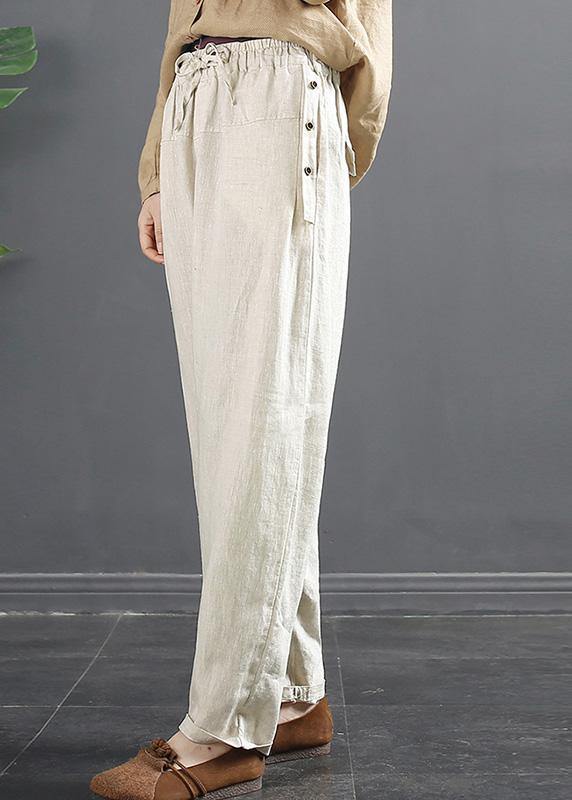 DIY Beige Pants Spring Shorts with Elastic Waist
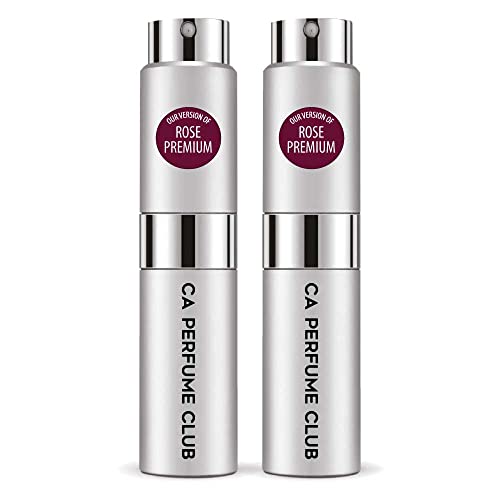 CA Perfume Impression of Emra Rose Premium For Women & Men Fragrance Concentrated Long Lasting Eau de Parfum Spray Refillable Glass Atomizer Bottle 0.27 Fl Oz-X2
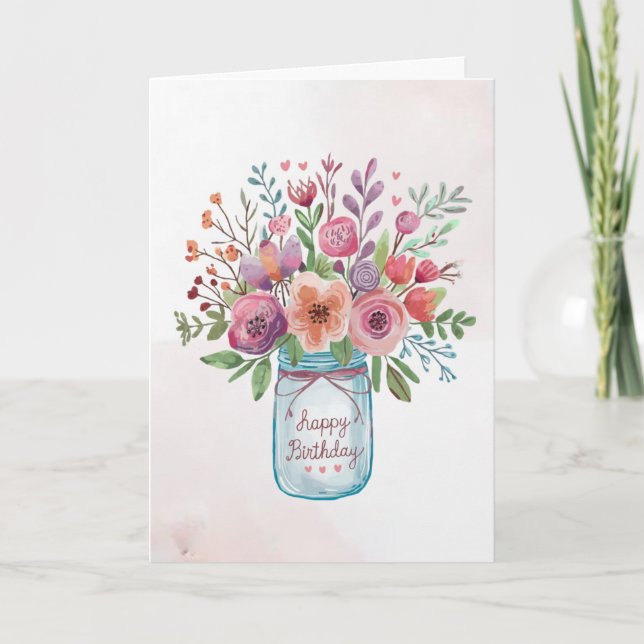 Personalized text Happy Birthday Floral Bouquet    Card (Front)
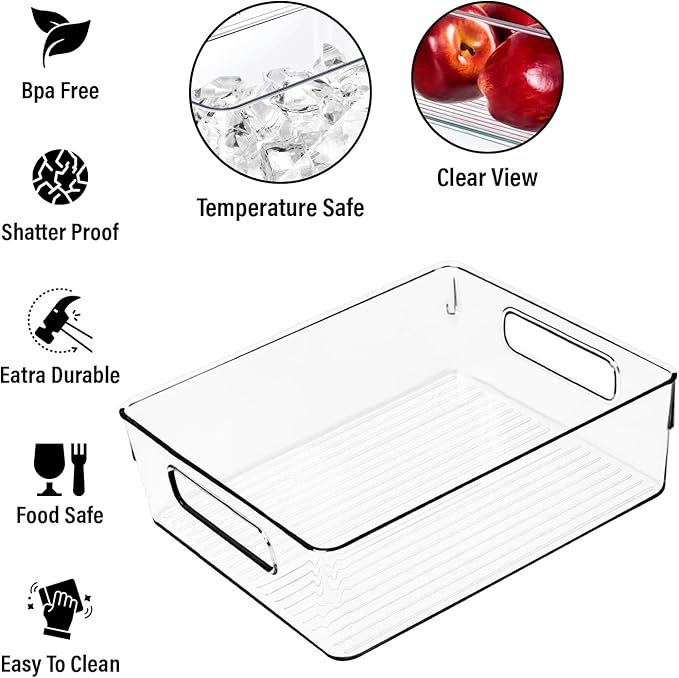 Clear Plastic Storage Bins, Pantry Organizers and Storage, Kitchen Organization and Storage Containers Bins for Organizing, Fridge, Freezer, Bathroom, Pantries, Medicine Cabinet Organizer Bin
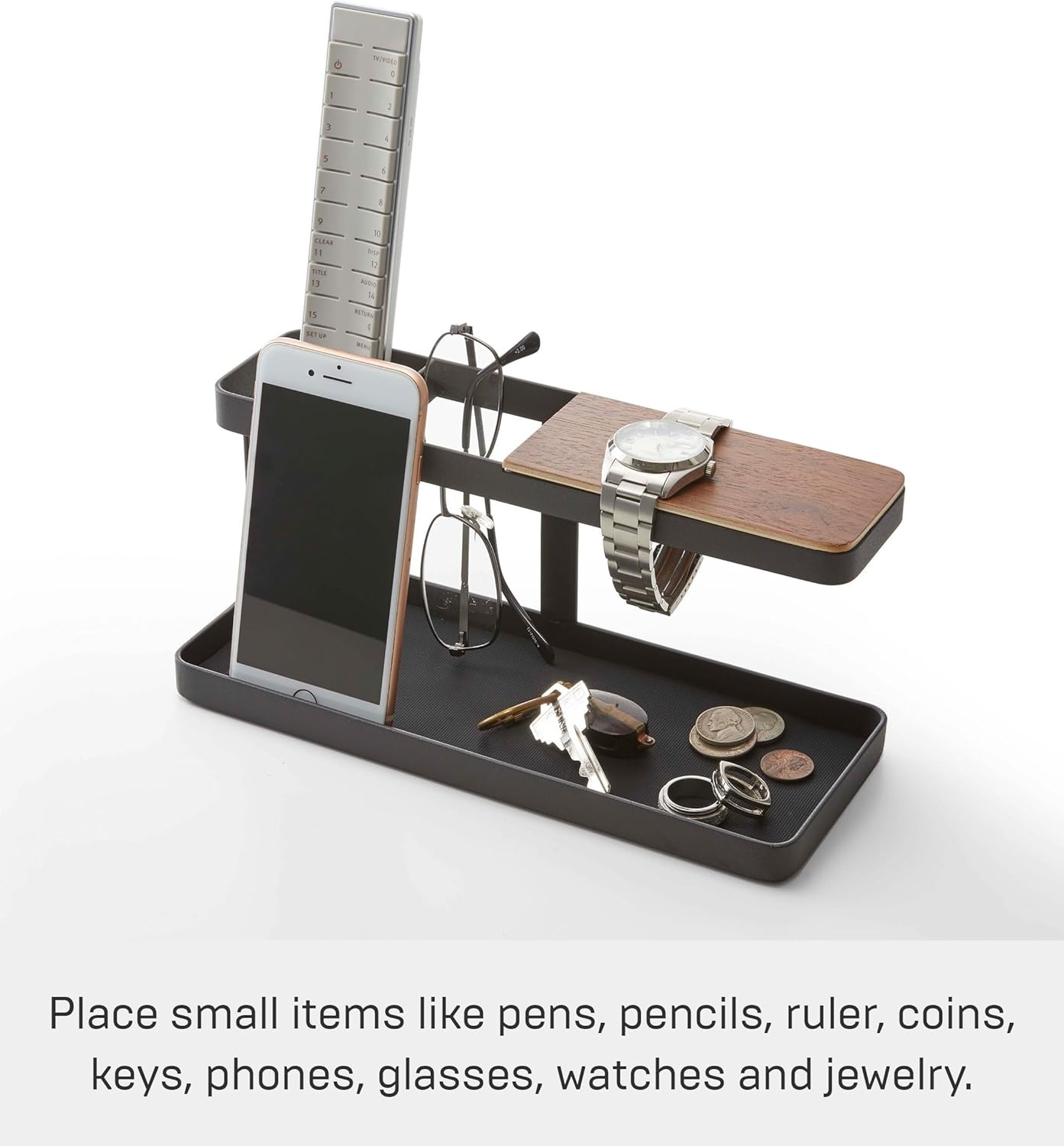 image:imageYAMAZAKI Home Tower Desk Bar Wood amp Steel Organizer SteelBlack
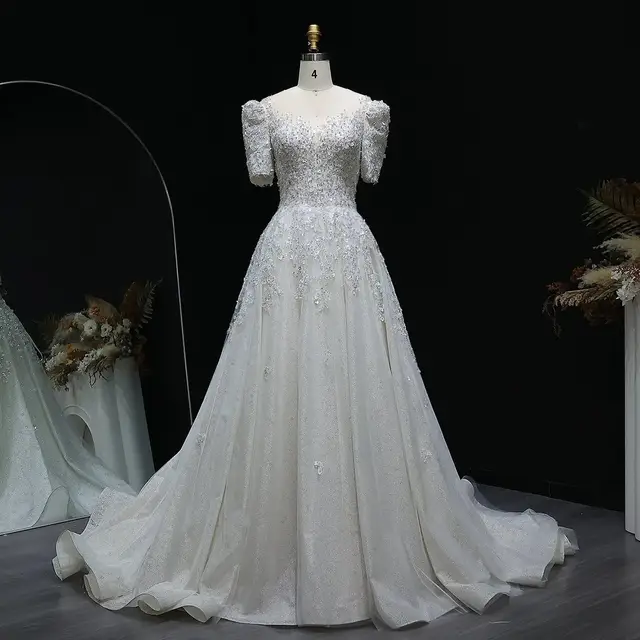 Beaded Puffy Lace Off Shoulder Wedding Dress — SW038
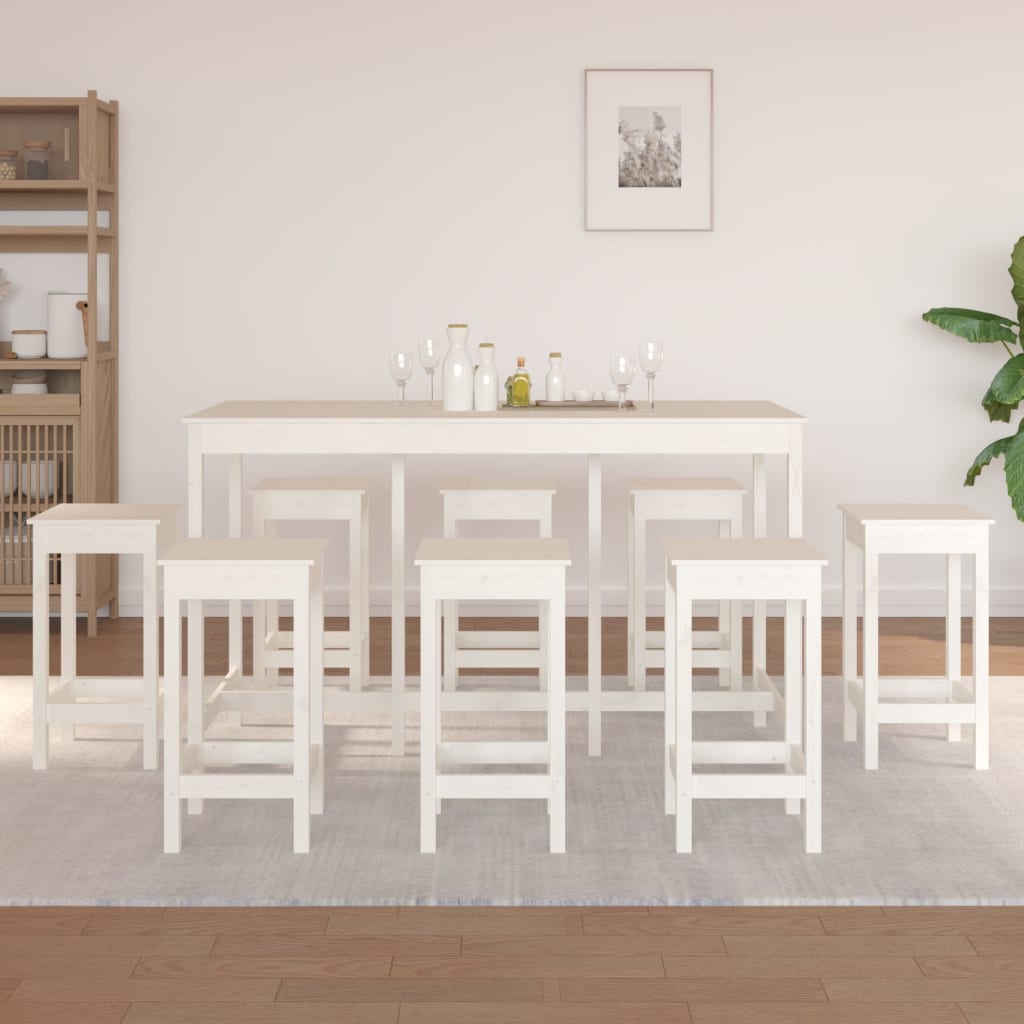 vidaXL Set mobilier de bar, 9 piese, alb, lemn masiv de pin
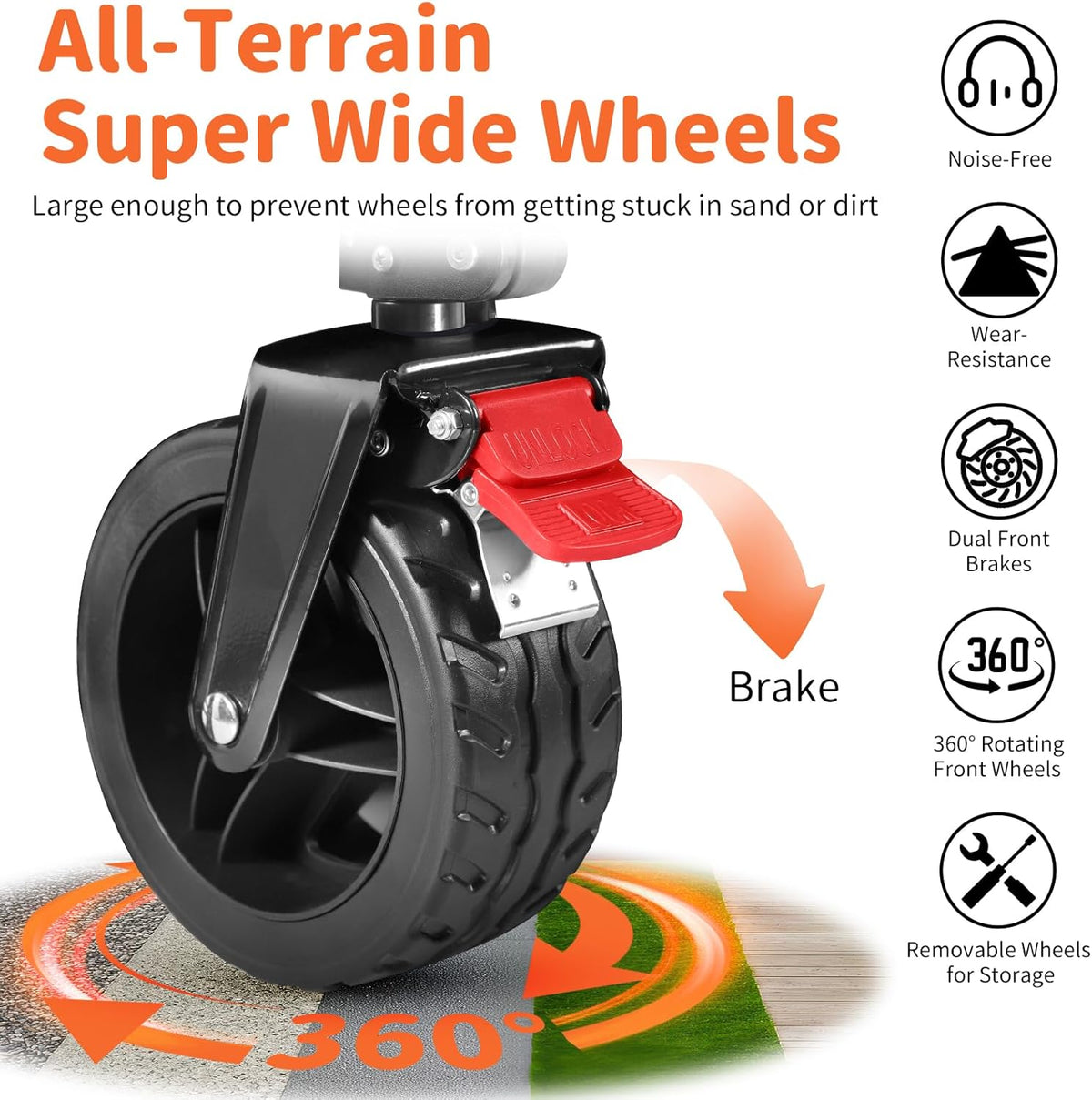 BELEEV Inklapbare Handwagen, Zware Klasse All-Terrain Handwagen met 6in Grote All-Terreinwielen, 130L Grote Capaciteit, Zijzakken & Drankhouders voor Strand Tuin Camping Sport Winkelen -Black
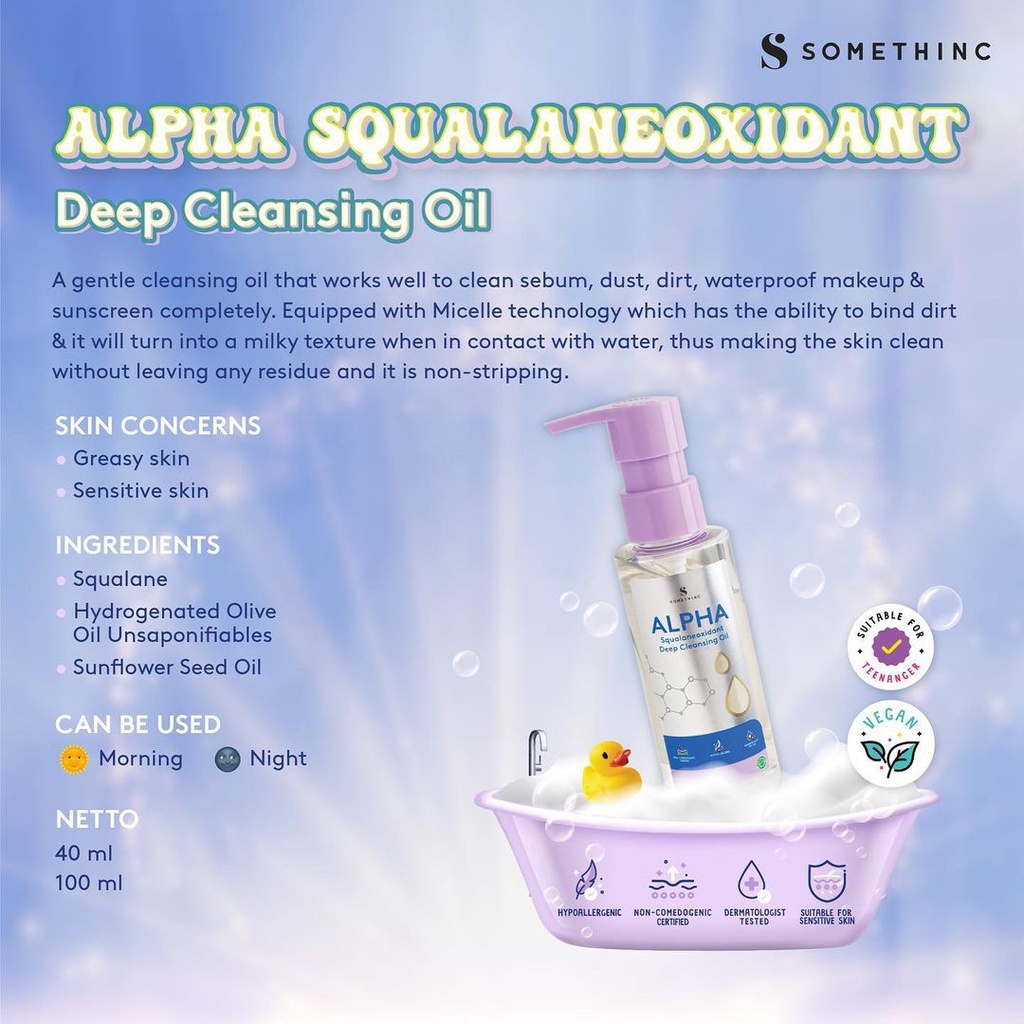 ❤ BELIA ❤ SOMETHINC Alpha Squalaneoxidant Deep Cleansing Oil | Cleansing Oil (✔BPOM)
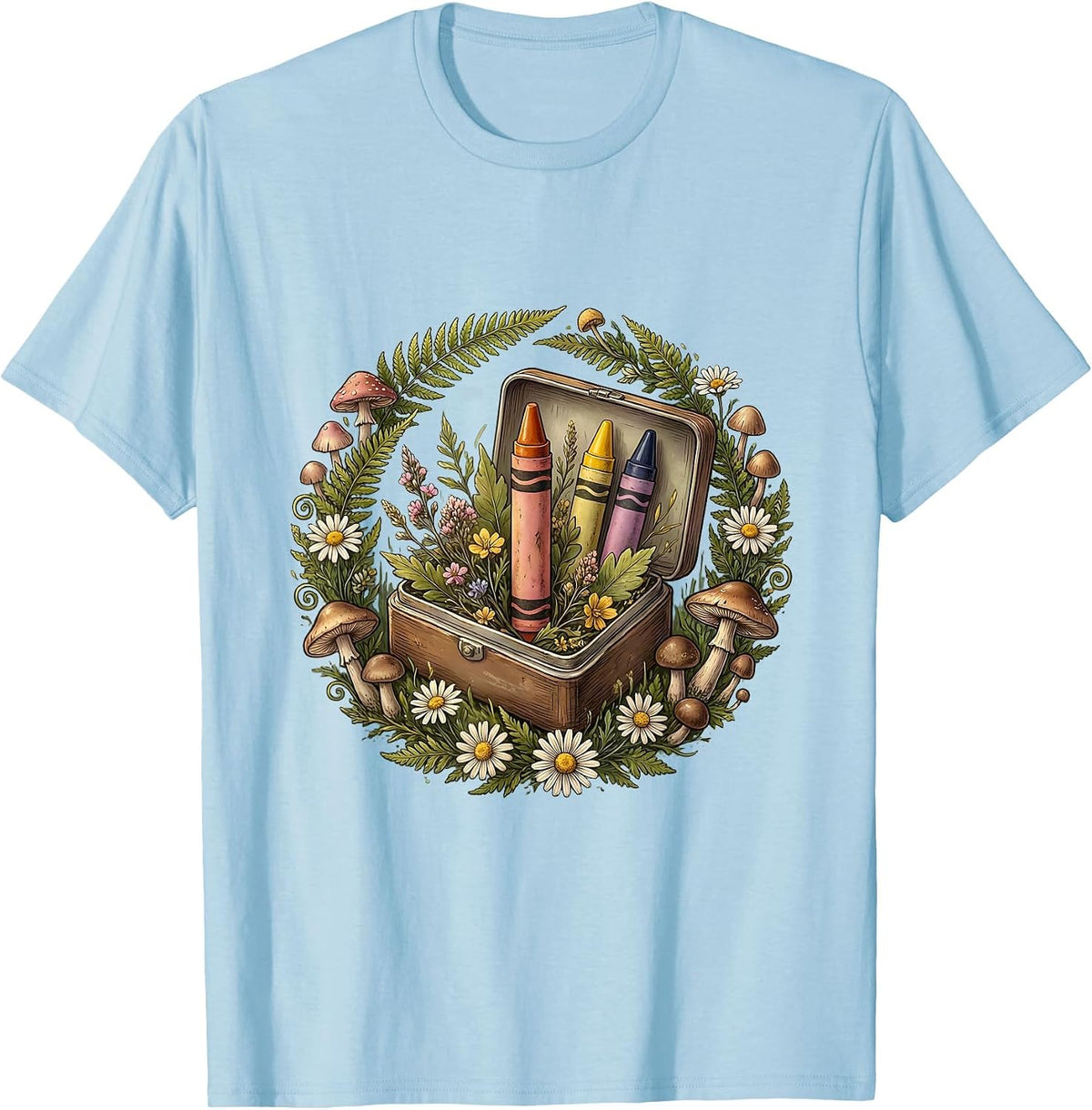 5th Grade Teacher Crayon Box Graphic T-Shirt - Baby Blue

──────────

Pictures excluded, set down all the entries exactly.

**Answer to this task:**
 DIY Beige Pants Spring Shorts with Elastic Waist
 CA Perfume Impression of Emra Rose Premium For Women & Men Fragrance Concentrated Long Lasting Eau de Parfum Spray Refillable Glass Atomizer Bottle 0.27 Fl Oz-X2
 Personalized text Happy Birthday Floral Bouquet    Card (Front)
 Clear Plastic Storage Bins, Pantry Organizers and Storage, Kitchen Organization and Storage Containers Bins for Organizing, Fridge, Freezer, Bathroom, Pantries, Medicine Cabinet Organizer Bin
 image:imageYAMAZAKI Home Tower Desk Bar Wood amp Steel Organizer SteelBlack
 Beaded Puffy Lace Off Shoulder Wedding Dress — SW038
 vidaXL Set mobilier de bar, 9 piese, alb, lemn masiv de pin
 BELEEV Inklapbare Handwagen, Zware Klasse All-Terrain Handwagen met 6in Grote All-Terreinwielen, 130L Grote Capaciteit, Zijzakken & Drankhouders voor Strand Tuin Camping Sport Winkelen -Black
 ❤ BELIA ❤ SOMETHINC Alpha Squalaneoxidant Deep Cleansing Oil | Cleansing Oil (✔BPOM)
 5th Grade Teacher Crayon Box Graphic T-Shirt - Baby Blue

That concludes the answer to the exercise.